Toronto film festival to screen feature on ‘Japanese Schindler’

Persona Non Grata follows the career of Chiune Sugihara, a Japanese diplomat during World War II, the only Japanese person to be named Righteous Among the Nations

The Toronto Japanese Film Festival is airing a unique Holocaust-themed movie, Persona Non Grata, the story of the “Japanese Schindler.”

Directed by Japanese-American Cellin Gluck, Persona Non Grata follows the career of Chiune Sugihara, a Japanese diplomat during World War II, the only Japanese person to be named Righteous Among the Nations.

The two-hour movie takes its time setting up the story, and it takes about 40 minutes to get to the crux. Sugihara is tasked with opening a Japanese consulate in Lithuania around the time the Soviets invade the Baltic nations as part of their agreement with Adolf Hitler following the start of the war.

Soon, Sugihara sees many people lined up outside his consulate trying to escape Europe. Defying orders from Tokyo, Sugihara issues more than 2,000 transit visas to Jewish refugees, allowing them safe passage through the Soviet Union to Vladivostok, and from there to a boat to Japan.

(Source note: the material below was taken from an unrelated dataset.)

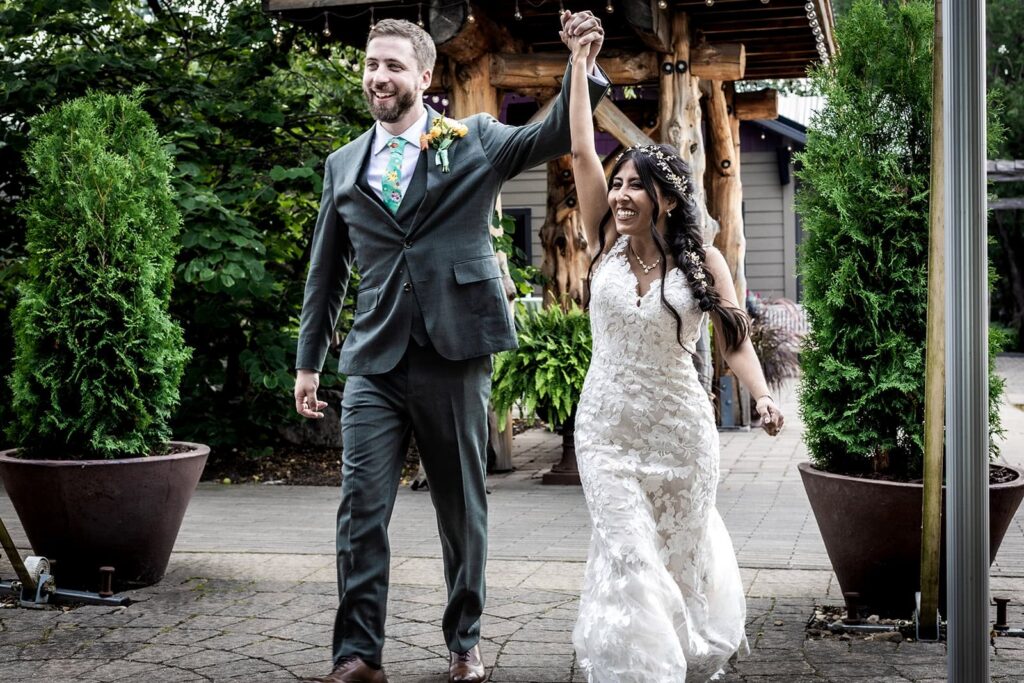 happy couple makes a grand entrance into their gardens of castle rock wedding reception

Sugihara knows full well that this will jeopardize his career.

Sugihara is estimated to have saved over 6,000 Jews from the Nazis, who a year or so later, would invade Lithuania as part of their war on the Soviet Union.

Following the war – he spent the rest of it in the consulate in Nazi Germany, where he also defied orders by spying on German movement on the Soviet border –  he returned to Tokyo, but his diplomatic career was ruined. He never knew whether his visas saved anybody until he was found many years later by one of the survivors.


The film is screened, with subtitles, on June 29 at the Japanese Canadian Cultural Centre, 6 Garamond Ct., Toronto.